NQPatch

Command-line tools for efficiently patching large sorted N-Quads RDF files. Implemented as bash scripts backed by the POSIX tooling awk, sort, comm, and sed.

As a demo, check out the sorted Wikidata truthy dumps and diffs that can be processed with the tooling of this repo: hf.co/datasets/Aklakan/wikidata-sorted-nquads-and-diffs.

Project Status

• v2.x: Functional and tested with .meta.json metadata storage
• v1.x: See v1.0.0 tag for legacy .sha1 file-based tracking

Overview

This project provides command-line tools for working with RDF patches, accessible via the nqpatch wrapper script:

• nqpatch create: Generate a patch from two sorted N-Quads files
• nqpatch apply: Apply one or more patches to a base N-Quads file
• nqpatch merge: Merge multiple patches into a single patch
• nqpatch track sort: Sort an N-Quads file and create tracking metadata
• nqpatch track create: Create a patch and tracking metadata (patch filename must be explicitly provided)

The entrypoint nqpatch features the sub-commands create, apply and merge that delegate to the scripts listed above.

Quick Start

# Create a patch from two files
nqpatch create old.nq new.nq > patch.rdfp

# Apply a patch
nqpatch apply old.nq patch.rdfp > new.nq

# Merge multiple patches
nqpatch merge patch1.rdfp patch2.rdfp > merged.rdfp

# Create tracking metadata
nqpatch track create old.nq new.nq patch.rdfp

# Sort with tracking metadata
nqpatch track sort input.nq output.nq

Note: The scripts work with both plain and compressed files. For compressed files, they use zcat (or zutils if installed for multi-format support).

Installation

Local Installation

No installation required. Clone and make scripts executable:

git clone https://github.com/Scaseco/nqpatch-posix.git
cd nqpatch-posix
chmod +x nqpatch *.sh

Usage

Creating Patches

nqpatch create old.sorted.nq new.sorted.nq > patch.rdfp

Patches use the RDF-Delta format with A (add) and D (delete) prefixes.

Applying Patches

# Plain or compressed files (zcat handles decompression automatically)
nqpatch apply base.nq patch.rdfp

# Multiple patches (applied sequentially)
nqpatch apply base.nq patch1.rdfp patch2.rdfp

# Using process substitution for remote patches
nqpatch apply local-data.nq <(curl https://example.org/patch.rdfp)

Merging Patches

nqpatch merge patch1.rdfp patch2.rdfp > merged.rdfp

Tracking Layer

NQPatch includes a tracking layer to manage patch relationships using SHA1 checksums. The metadata for a file x is stored in a file x.meta.json.

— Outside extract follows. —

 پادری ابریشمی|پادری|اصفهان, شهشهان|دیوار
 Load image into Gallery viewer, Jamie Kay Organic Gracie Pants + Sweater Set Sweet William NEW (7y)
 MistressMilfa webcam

• nqpatch track sort input output: Creates output by sorting input
  • Creates or extends input.meta.json with the sha1 hash of the input file
  • Creates or extends output.meta.json with the sha1 and sha1-original keys with the hashes of the output file and the input file, respectively.
• nqpatch track create: nqpatch track create old_dump new_dump patch.rdfp: Creates patch.rdfp as the diff between old and new
  • Creates or extends old_dump.meta.json with the sha1 hash of the old_dump file
  • Creates or extends new_dump.meta.json with the sha1 hash of the new_dump file
  • Creates or extends patch.rdfp.meta.json with the sha1-from and sha1-to keys set to the hashes of the old/new dumps
  • Patch filename must be explicitly provided (not auto-generated)
  • Supports compressed patch output (.gz, .bz2, .xz, .zst)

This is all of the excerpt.